Nigel wondered if his June had not gone too, and if he had not better burn at once those few sweet, dead, tangled thoughts it had left him. He thought of the dim lane by Goatsluck Farm, with the glare of two motor lights on the hedges. He saw the puddles gleam, and Tony erect in the trickery of light and darkness, shapeless in his coat. Then across the aching silence of his heart came her words—"I can't bear it!—I—I'm so—disappointed."

That was the end of June—and he ought to have expected it. His friendship with Tony Strife could never have lasted in a neighbourhood where both were known and talked about. It had ended a little suddenly, that was all. He did not reproach himself for deceiving her; he did not even regret it, though he guessed what she must think. The doorway of the house of light had stood open, and he had crept in like a beggar, knowing that he must soon be turned out, but resolute meanwhile to bask and be glad.

But he wished she had not been "disappointed," that was so pathetic. Poor little girl! the memory of him would eat into her heart for a while. Girls of her age were righteous, and he had cheated her into friendship with unrighteousness. She would hate him for a bit. "I am so disappointed"—it seemed as if all his seething desires for goodness and peace had died into that little wail of outraged girlhood, and come back to haunt the empty house of his heart.

During the first few days of separation he childishly hoped that he might hear from her—surely she would write if only to upbraid. But no letter came. His coat was returned the next morning, but he searched the parcel in vain for a message. How cruel of Tony!—and yet all children, even girl-children, are cruel. Their experience of sorrow is limited to its tempestuous side—they do not know its aching calms; they quench their thirst with great gulps, and do not know the relief of small drops of water. This was the price he had to pay for seeking his comfort in the gaiety of boys and girls instead of in the more stable sympathy of his contemporaries.

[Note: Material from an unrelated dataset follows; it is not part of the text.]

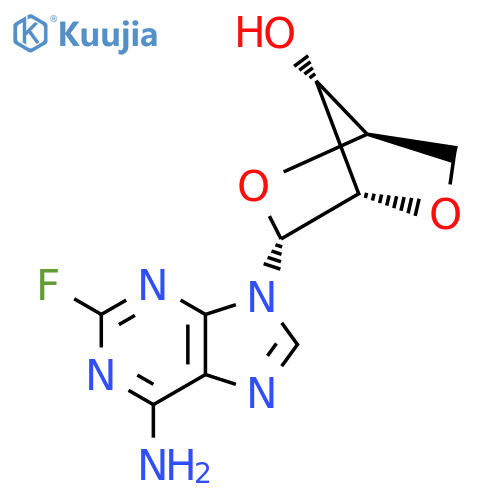 9-(2,5-Anhydro-β-D-arabinofuranosyl)-2-fluoro-(9CI) 9H-purin-6-amine structure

The next two weeks were heartsick and lonely. All day long a piteous consciousness of Tony was present in the background of his thoughts, waiting till night to creep into the foreground of his dreams, and torment him with hungry wakings. Everything that reminded him even of her type was painful. Little ridiculous things twanged chords of plaintive memory—a picture of the Roedean hockey-team, with their short skirts and pig-tails, the demure flappers he sometimes met in his walks, a correspondence on "moral training in girls' schools" which was being waged in a daily paper—everything that reminded him of healthy, growing, undeveloped girlhood, reminded him of Tony, and made his heart ache and yearn and grieve after her.

He wandered about by himself a good deal in the lanes, snatching his few free moments after dusk. He no longer tramped furiously—he roamed, with slow steps and dreaming eyes, drinking a faint peace from the darkness of the fields. He found comfort, too, in his fiddle, and every evening he would play through his banal repertory, "O Caro Nome," from Rigoletto, "I Dreamt I Dwelt in Marble Halls," the overtures to Zampa and La Gazza Ladra, the Finale from Lucia di Lammermoor. He became wonderfully absorbed in his fiddling, and had recovered a certain amount of his old skill and flexibility.

One day he took his violin to East Grinstead, as the sounding post had fallen down. He came back by a long road—through Hophurst and New Chapel and Blindley Heath. He stopped at the last to have a drink—it was a dreary collection of cottages, scattered round a flat, windswept heath. There were ponds in the corners of the heath, and their waters were always ruffled by a strange wind. Right in the middle of the waste was a little house squatting in its own patch of tillage, an island, a tumble-down oasis, in the great dreariness.

The scene, with the grey, scudding sky behind it, became stamped on Nigel's brain, as he stood with his beer in the pothouse door. It was one of those days when it seems as if our own hopelessness has at last impressed the unfeeling mask of Nature, and caused it to put on the grimace of our despair.

One or two children were playing in the road in front of the tavern, the wind fluttering their pinafores, and blowing their clothes against their limbs. A little boy with a mouth-organ was playing a vague and plaintive tune, to which two little girls were dancing. Nigel stood listening for some minutes, till both the moaning wind and the creaking tune had woven themselves together into a symphony of wretchedness.

Then he put down his beer, and took up his violin. He unfastened the case, unrolled the chrysalis of wrappings, and laid the instrument against his shoulder. The next minute a shrill wail rose up and challenged the wind.